Quelques bonnes pratiques pour anticiper, limiter et contrôler les dérives

Tout d’abord, le sous-dimensionnement, pour faire accepter un projet, se paiera un jour ou l’autre. « Il est fondamental de mettre en adéquation le budget, les compétences et les plannings, ainsi que d’être inventif pour trouver comment faire au mieux avec les moyens disponibles », conseille Marie-Hélène Vedel. Deuxième constat : le temps perdu ne se rattrape plus.

« Au démarrage, on a toujours l’impression d’avoir le temps ou d’avoir du temps : or, les premières dates étant les plus faciles à tenir, il faut battre le temps dès le début, avec, pour prendre une image sportive, privilégier le départ lancé, avec un cockpit de pilotage prêt à fonctionner », résume Marie-Hélène Vedel.

Le troisième constat tient aux modes de management. D’une part, on observe des délais dans la prise de décisions et, d’autre part, « les mêmes mots sont utilisés par tous mais n’ont pas toujours la même signification », déplore Marie-Hélène Vedel, pour qui il importe « d’établir une culture commune dès le début du projet, avec de la méthode qui se positionne en complément de l’expérience. »

Enfin, « la faute de l’autre constitue toujours une bonne raison de dérive, ce qui suppose, pour contrer ce phénomène courant, de contractualiser les relations interprojet », propose Marie-Hélène Vedel.

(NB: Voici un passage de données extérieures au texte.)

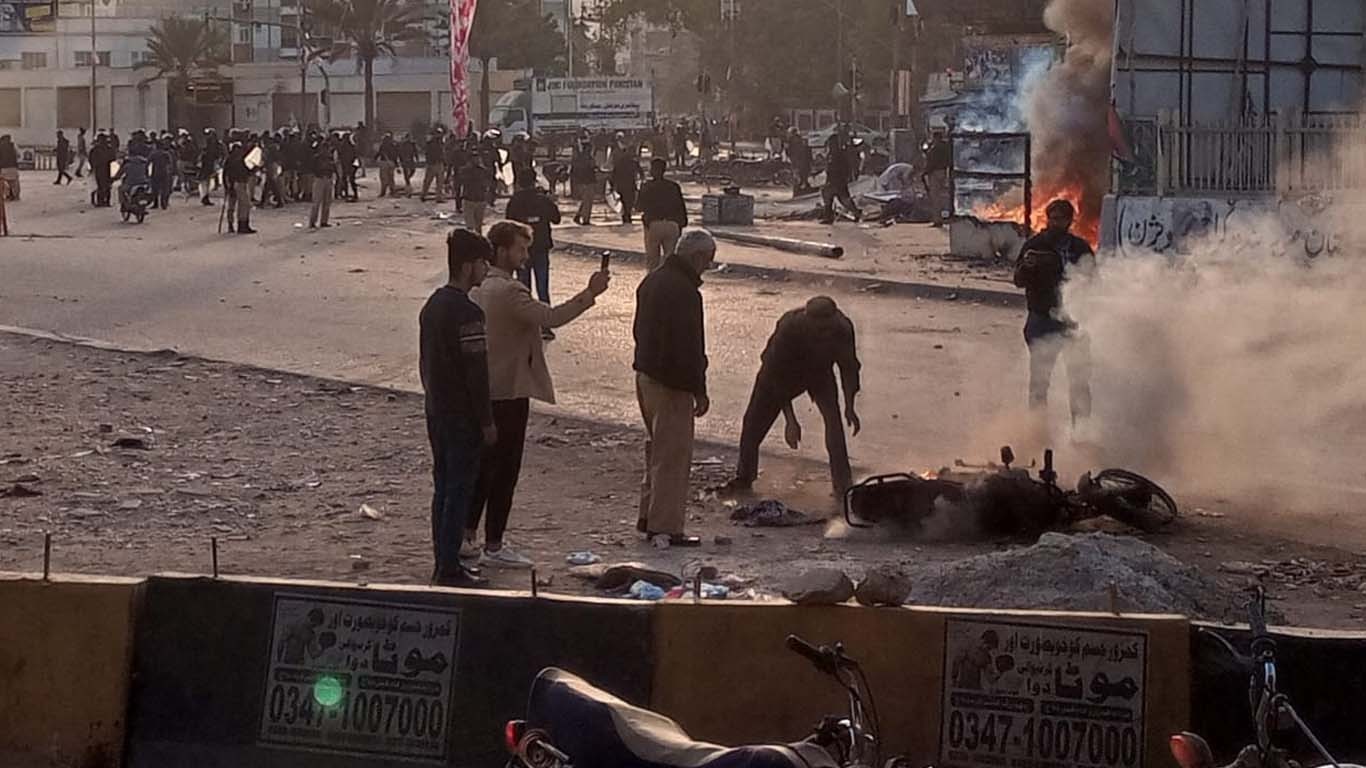 کراچی میں نمائش چورنگی پر صورتحال کشیدہ، متعدد گرفتار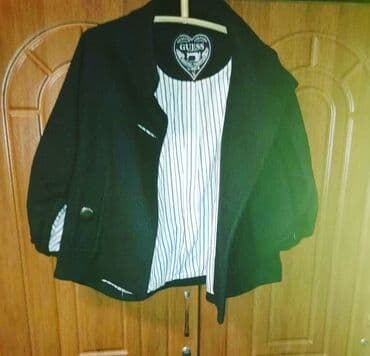 Куртка /пальто укорочено бренд guess размер м идет на л тоже одела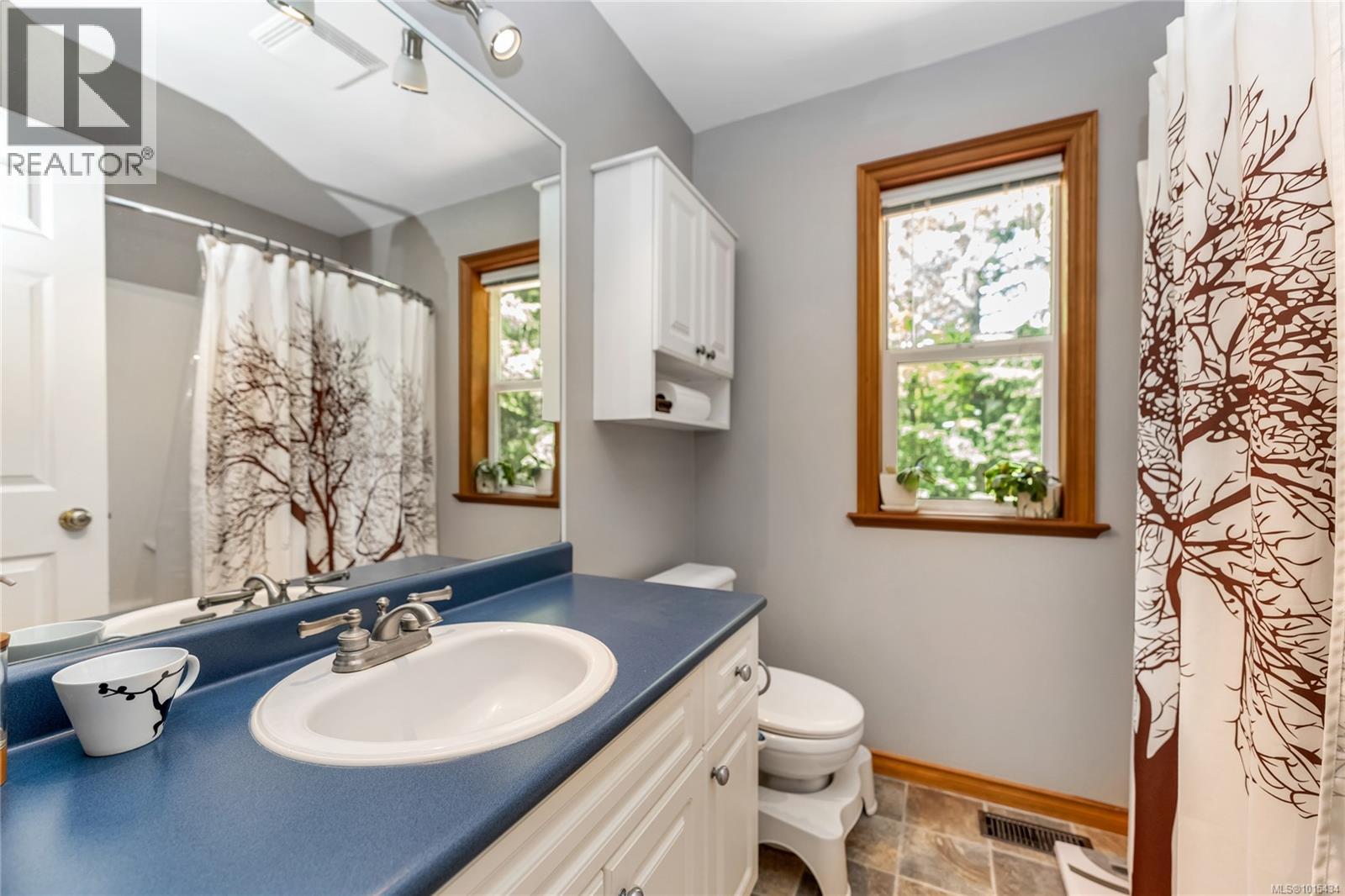  1850 Lakewood Road, Shawnigan Lake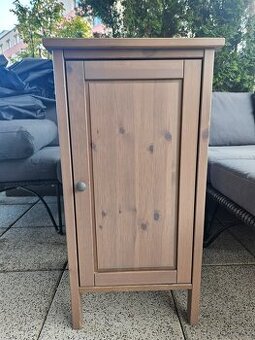 Skříňka Hemnes - noční stolek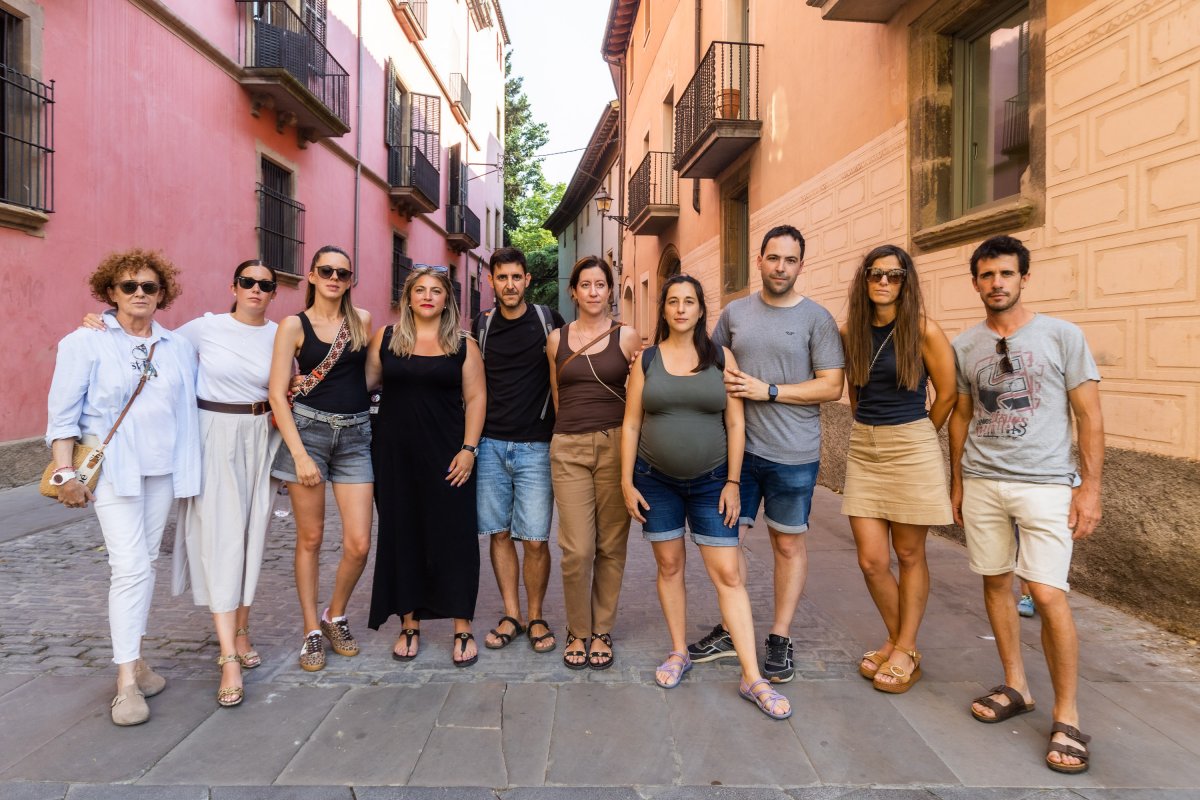 Membres d’algunes famílies descontentes amb l’assignació de places, reunides aquest dijous
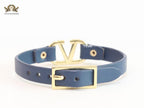 Alphabet V leather bracelet - blue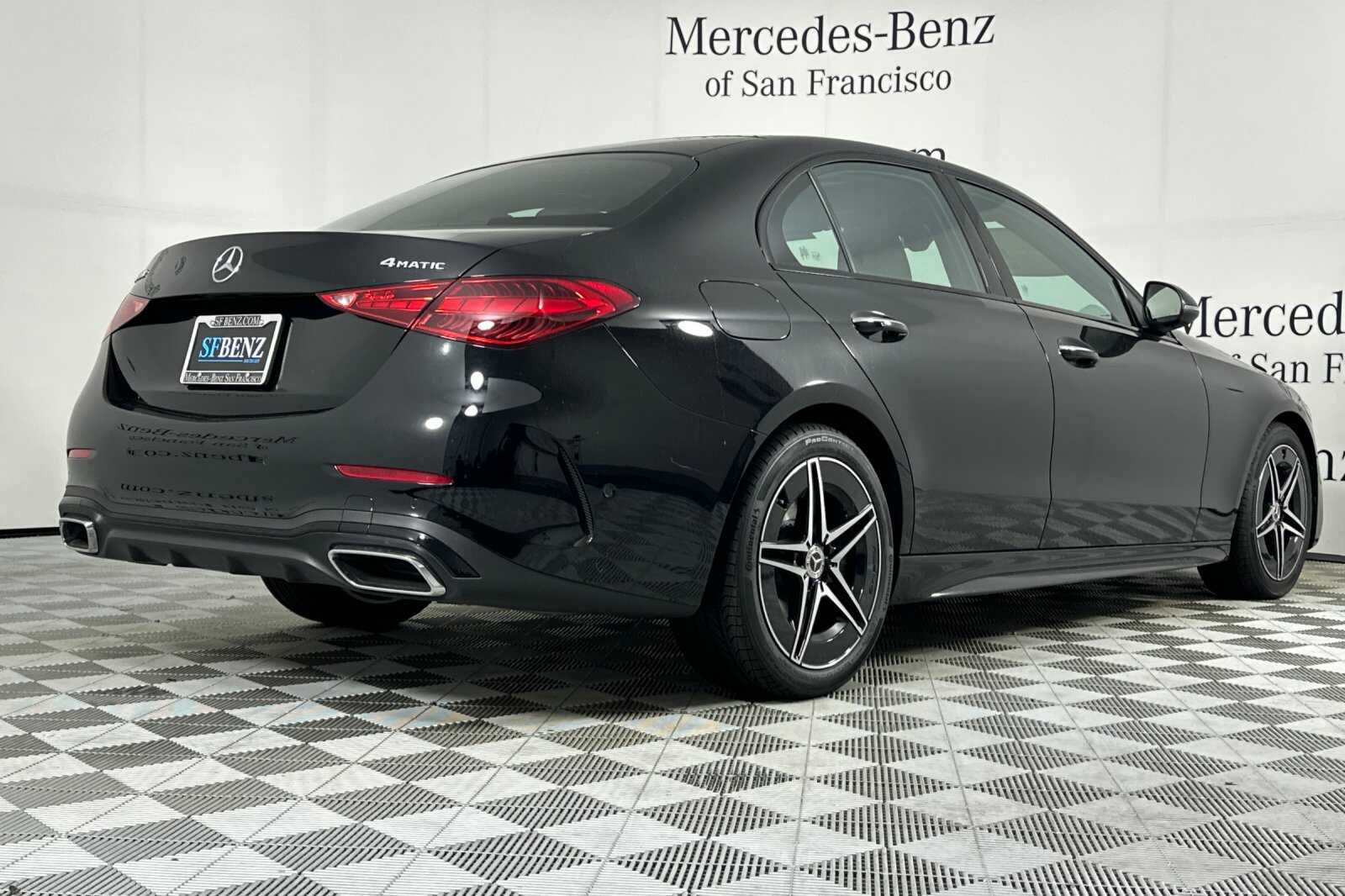 2025 Mercedes Benz C 300 4MATIC Sedan photo 4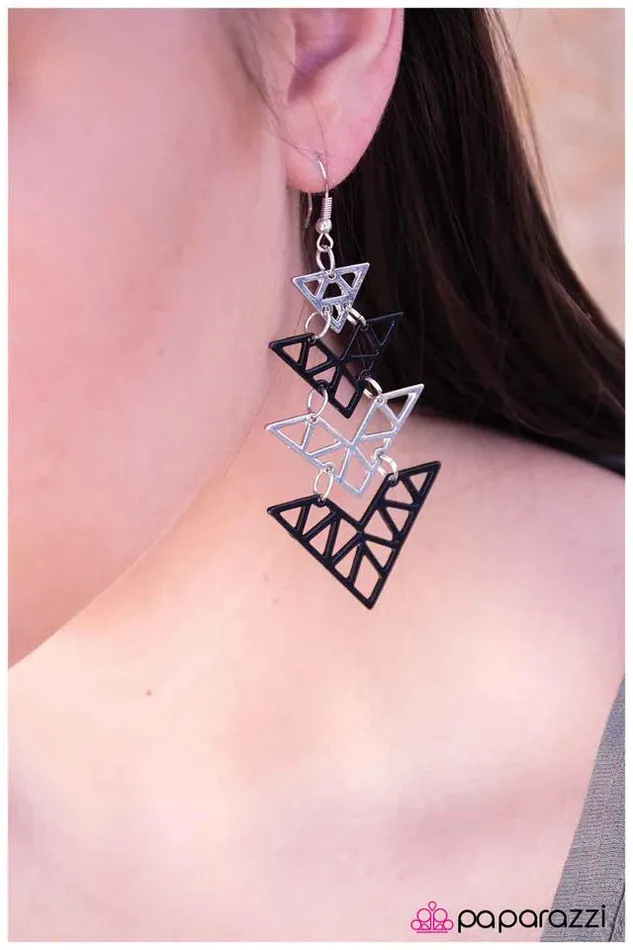 Earrings Paparazzi Jewelry Paparazzi Earring Straight to the Point Black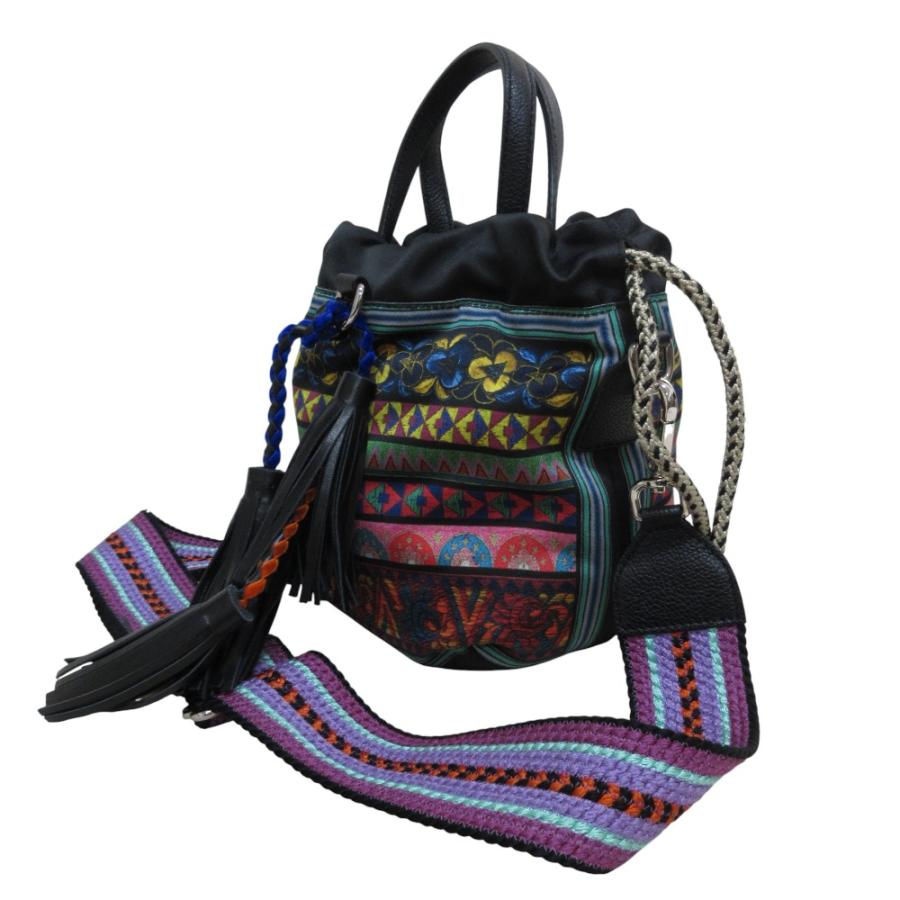 ETRO（エトロ） 新品同様 タッセル ナイロン レザー 2way ハンドバッグ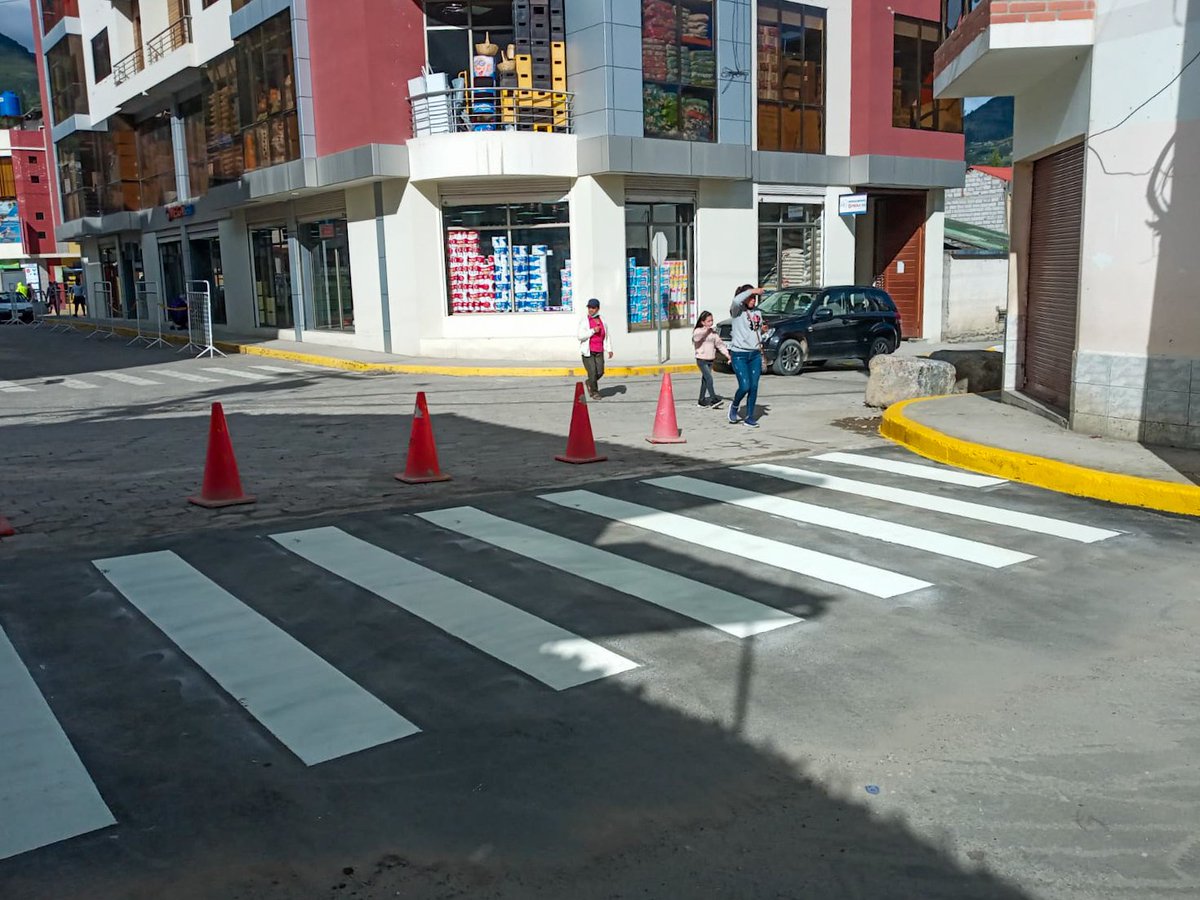 emovpaute_ep's tweet photo. Avanzamos con la implementación de reductores de velocidad, en esta ocasión en el Sector #Cachiyacu y se continuará con más en la comunidad de #Guayan. De igual manera se realiza la señalización horizontal en el centro cantonal.
#EMMETT-EP
#MovilidadSegura
#UsaElPasoCebra https://t.co/wrXeuOINkx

Marie-Hélène Vedel identifie deux cultures de management par rapport à l’annonce des difficultés. Le messager est soit « tué », ce qui a pour conséquence de retarder le plus longtemps possible l’annonce de la mauvaise nouvelle.

Soit on lui « offre à boire », c’est-à-dire que l’on se sert de la situation créée pour optimiser les délais et les coûts. La manière de prendre en compte les difficultés, et notamment les retards, varient selon le sort que l’on réserve au « messager » : « Dans le premier cas, celui-ci va trouver de bonnes raisons, des excuses de ne pas avoir pu réaliser le projet dans les conditions prévues », explique Marie-Hélène Vedel.

D’où la tentation bien légitime, et logique, d’octroyer de nouveaux budgets, d’ajuster le périmètre du projet et de donner plus de temps pour le réaliser, sans analyser les causes profondes. Au contraire, « dans une logique d’optimisation, le bon chef de projet va percevoir rapidement le degré de gravité et agira, après la recherche de la cause réelle, tout aussi rapidement par des actions de correction, de suivi rapproché ou des contournements, c’est un signe incontestable de maturité », précise Marie-Hélène Vedel.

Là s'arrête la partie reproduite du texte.